How to complete this task. Transcribe exactly, and only, the lines running from the one that contains "Coking wax oil" through the last line of the material. No pictures.

Provided entries.
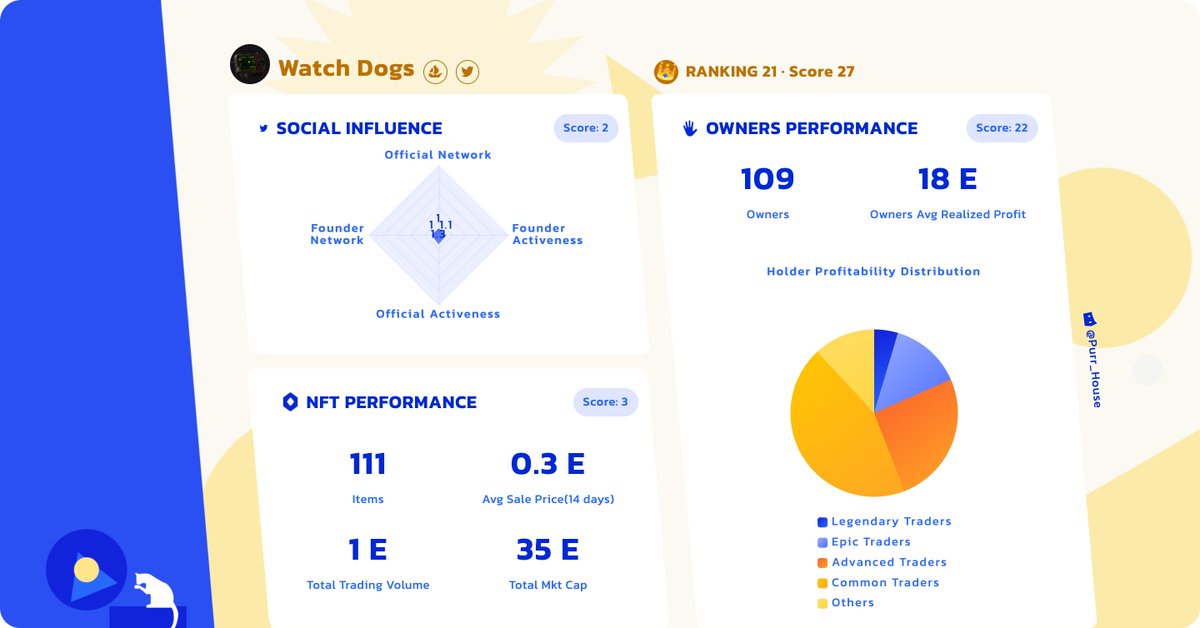 watch_dogs 👁 tweet media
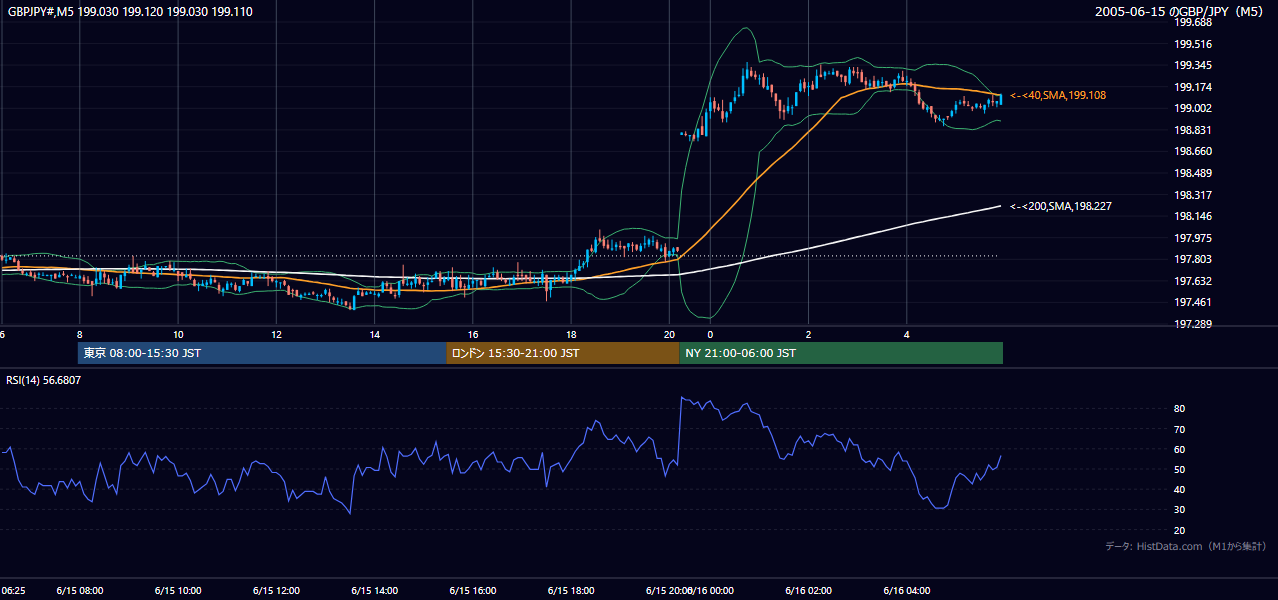 2005-06-15（水） GBP/JPY 5分足チャート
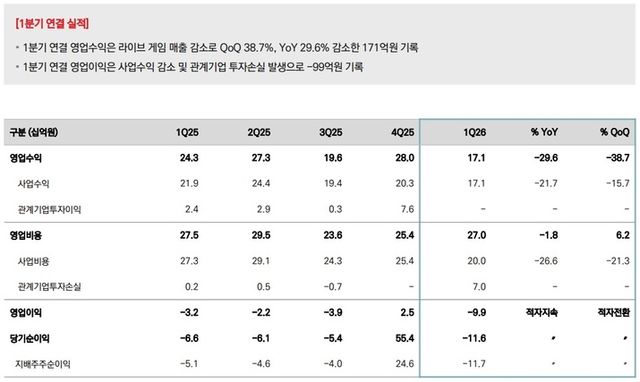 컴투스홀딩스 2026년 1분기 연결실적 (자료제공: 컴투스홀딩스)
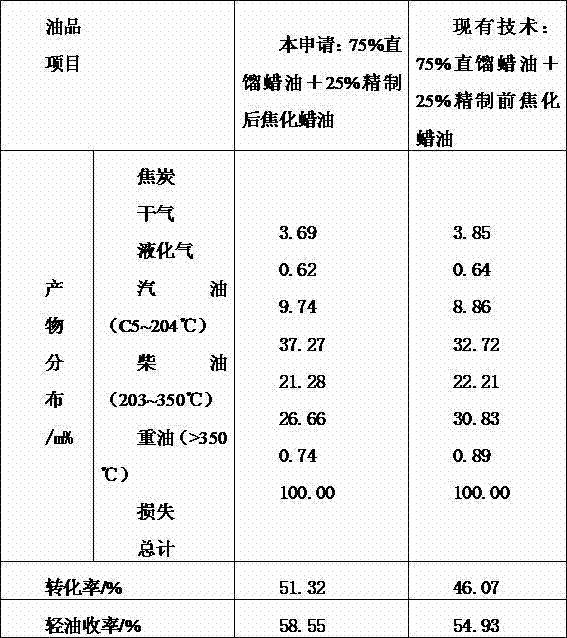 Coking wax oil complexing denitrification refining method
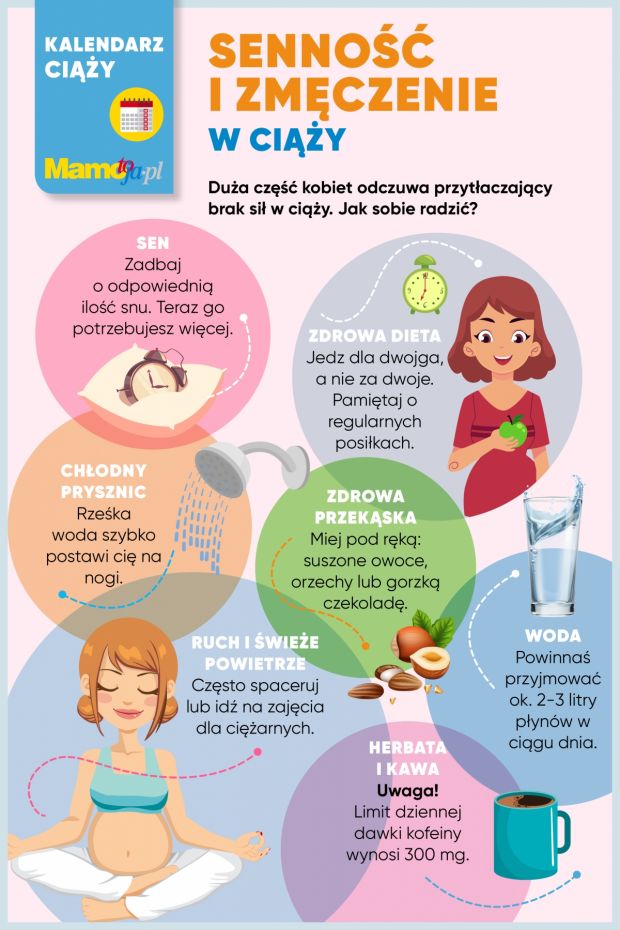 Jak sobie radzić z sennością w ciąży?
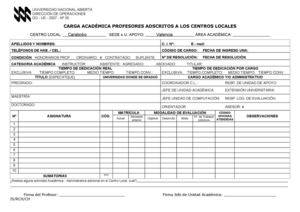 carga academica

Result for this task.
 Coking wax oil complexing denitrification refining method
 Jak sobie radzić z sennością w ciąży?
 carga academica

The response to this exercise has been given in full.